Authors' reply

In their comment, Brook and Severinghaus suggest that rates of methane decrease elsewhere in the record are higher than our computations1 and that it is unlikely that methane concentrations contributed substantially to the temperature decline during the Younger Dryas event.

Fast methane changes have indeed been documented from the ice core records. However, we chose to perform our calculations over an ecologically relevant, standardized 1,000-yr window that corresponds to the duration of the extinction event under consideration. The higher rates reported by Brook and Severinghaus were calculated over varying temporal scales2,3,4 and do not include uncertainties. Process rates are not independent of measured time interval5,6,7. To illustrate this, we conducted a logarithmic regression on series of sequential methane values from the GISP2 core. Our analysis yields a highly significant relationship between the perceived rate of methane change and the interval duration (R2 = 0.516, P < 0.000, df = 306), leading us to conclude that unconstrained temporal comparisons are statistically unsound. Moreover, because resolution decreases with sample age, dating uncertainties for older core samples may exceed the interval over which the rate was computed. We conclude that without better constraints on temporal resolution and the use of equivalent temporal bins, quantitative comparisons are not possible.

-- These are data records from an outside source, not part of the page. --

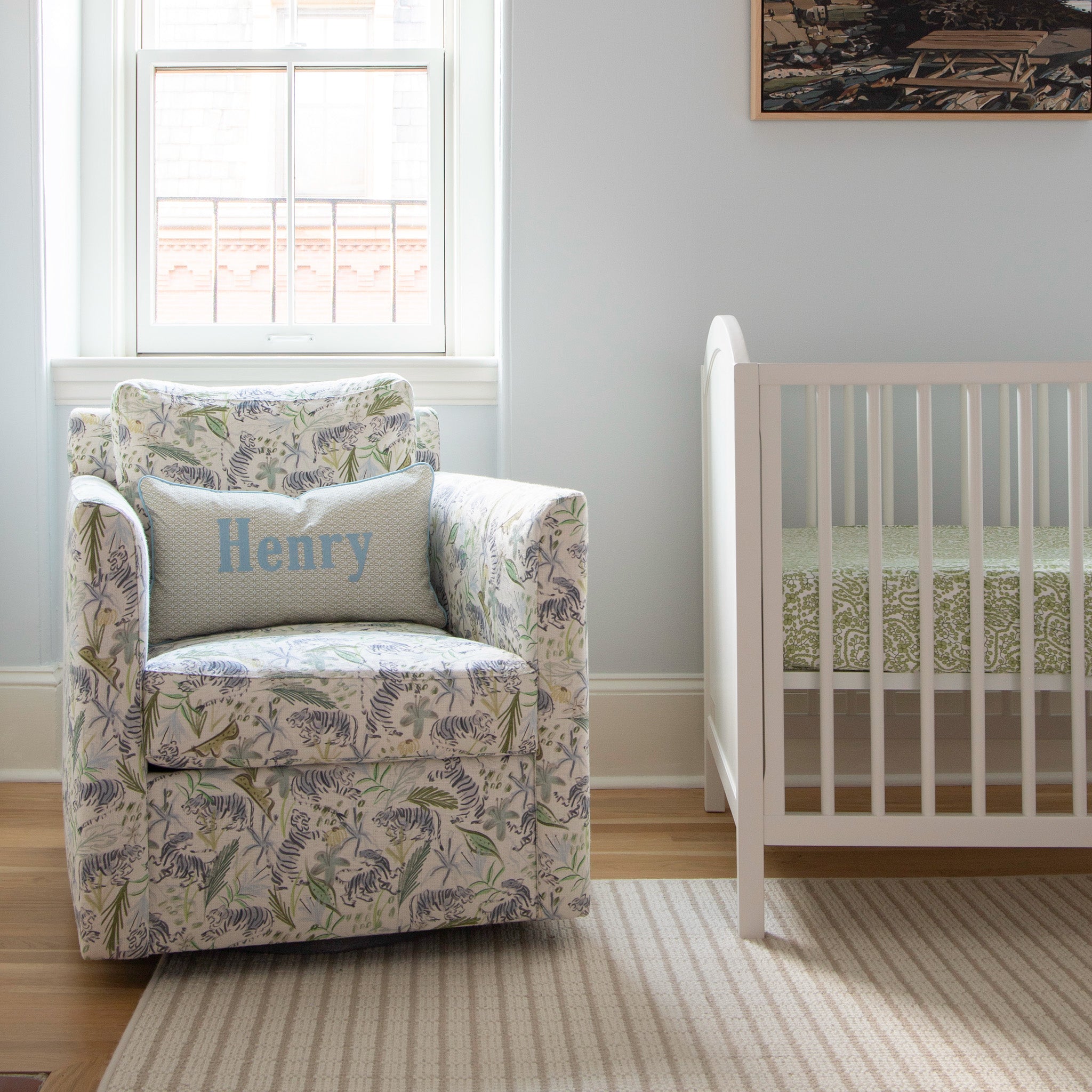 Nursery room corner styled with Moss Green Geometric Printed Monogrammed Pillow on Green Tiger Printed Linen Couch next to white crib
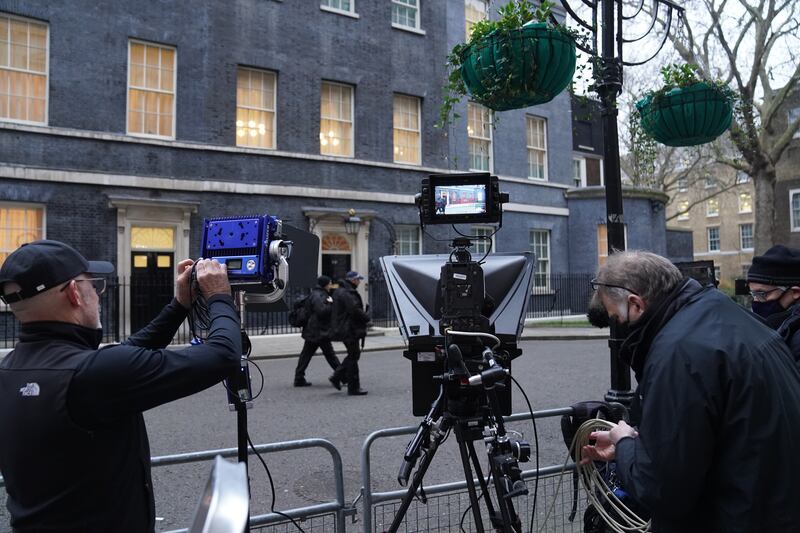 Armed police officers walk past the gathered media outside No 10 Downing Street on Tuesday morning. PA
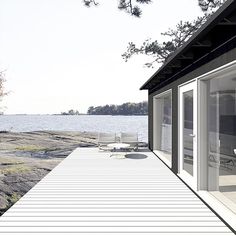 a house on the shore with water in the background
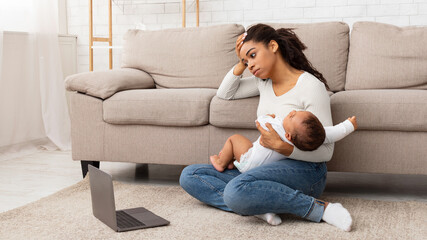 Exhausted Black Mother Holding Crying Baby And Touching Head Suffering From Headache Sitting At Laptop On Floor At Home. Motherhood Burnout Concept. Tired Mother Posing With Shouting Child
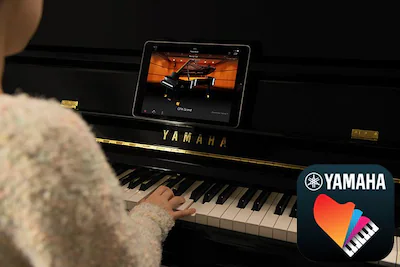 Mujer tocandopiano acústico con app Smart Pianist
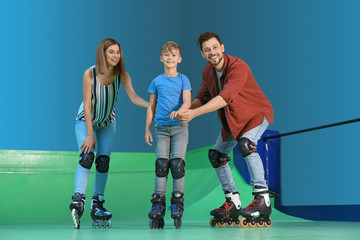 Parents teaching their son roller skating at rink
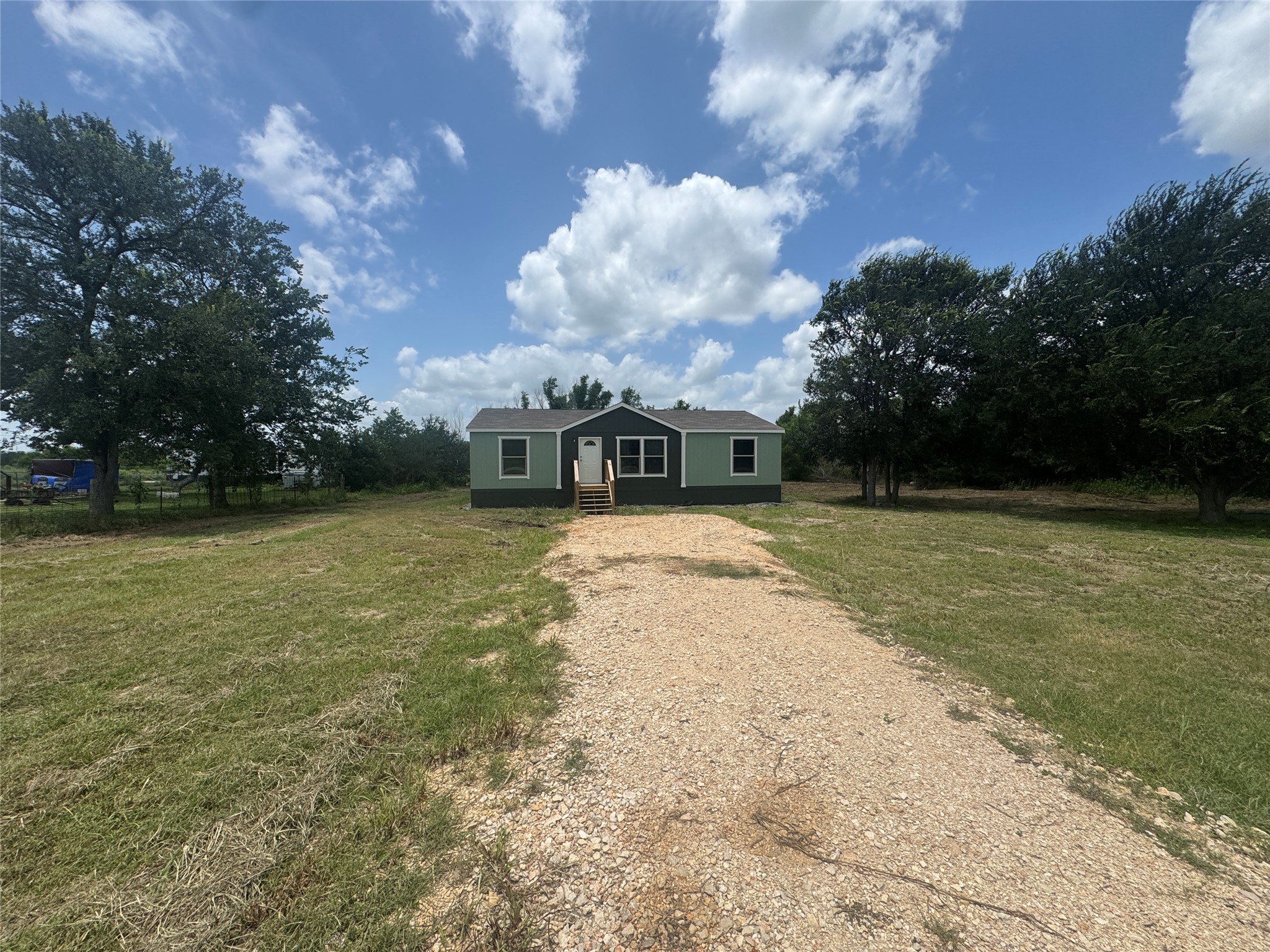 7855 Taylorsville Road Dale, TX 78616 - Photo 1 of 11 A secluded residence with a gravel drive, nestled amidst natural landscaping and mature shade trees.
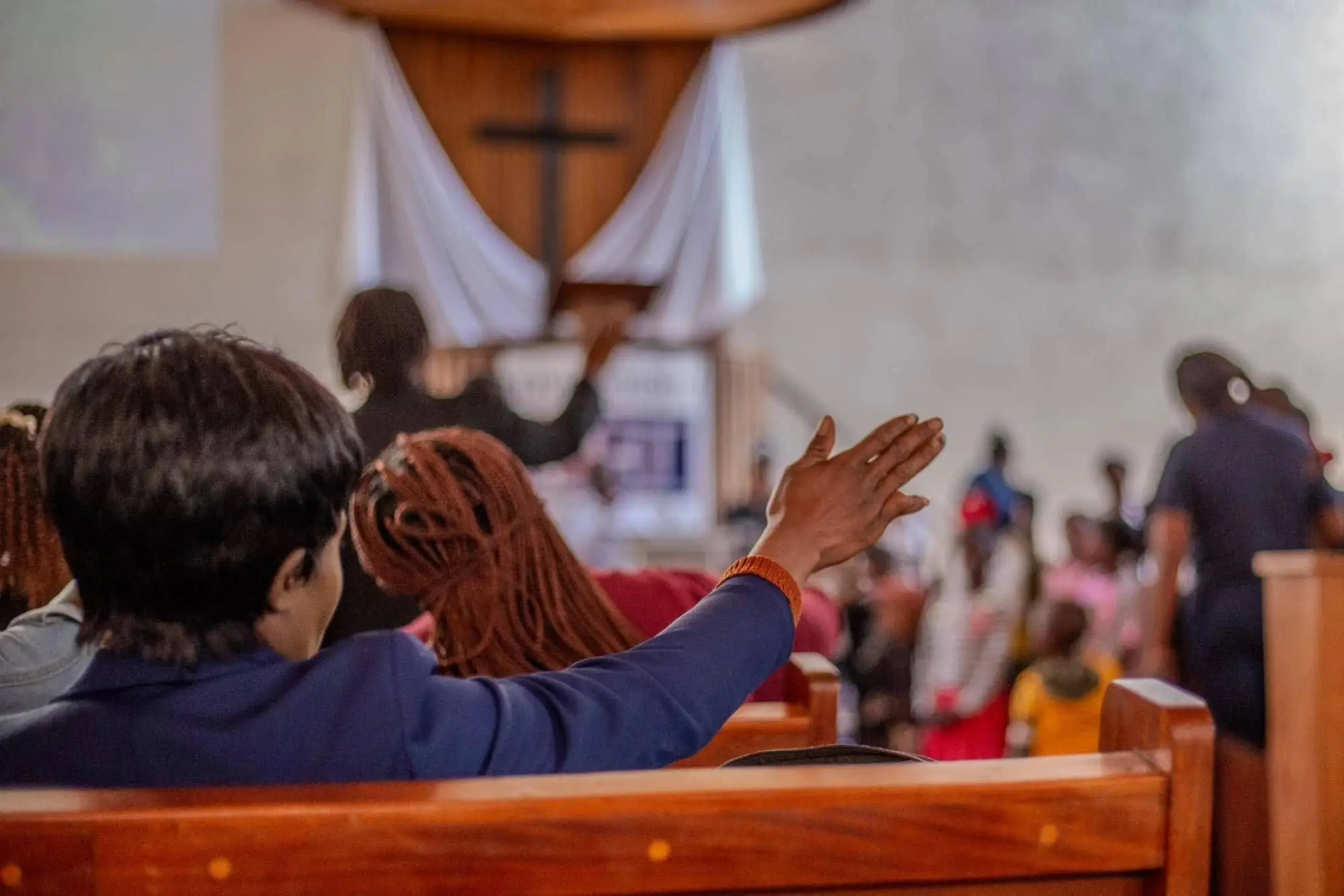 A worshipper raises a hand toward the cross during a Sunday service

Pleistocene carbon cycle fluctuations were probably also modulated by a suite of interlocking mechanisms including clathrate, peatland, yedoma, permafrost, lake ebullition relations and others8,9,10,11. But the temporal uncertainty of the ice core records complicates the determination of lead–lag relationships between temperature and methane. Furthermore, time constants for the spectrum of known methane geochemical channels range from decades to millennia. Thus, it is difficult to characterize a direct link between methane and temperature decrease, but we feel it cannot be ruled out at this time.

We do agree that it is unlikely that the megafaunal extinction was directly responsible for the entire methane decrease just before the Younger Dryas and did not make this claim. Nonetheless, our computations indicate the extinction of large-bodied herbivores did result in a sizeable decrease in methane inputs to the atmosphere. Interestingly, a recent estimate of the methane emissions by Bison bison before European arrival and near extirpation of the herds in the Great Plains of North America was 2.2 Tg CH4 yr−1 (ref. 12). This calculation suggests that our estimate of 9.6 Tg CH4 yr−1 for the 114 large-bodied species extirpated from the Americas is probably quite conservative. Although the role of the megafaunal extinction in the onset of the Younger Dryas is debatable, the human-mediated extinction undoubtedly resulted in measureable impacts on biogeochemical cycles at the end of the last glacial period.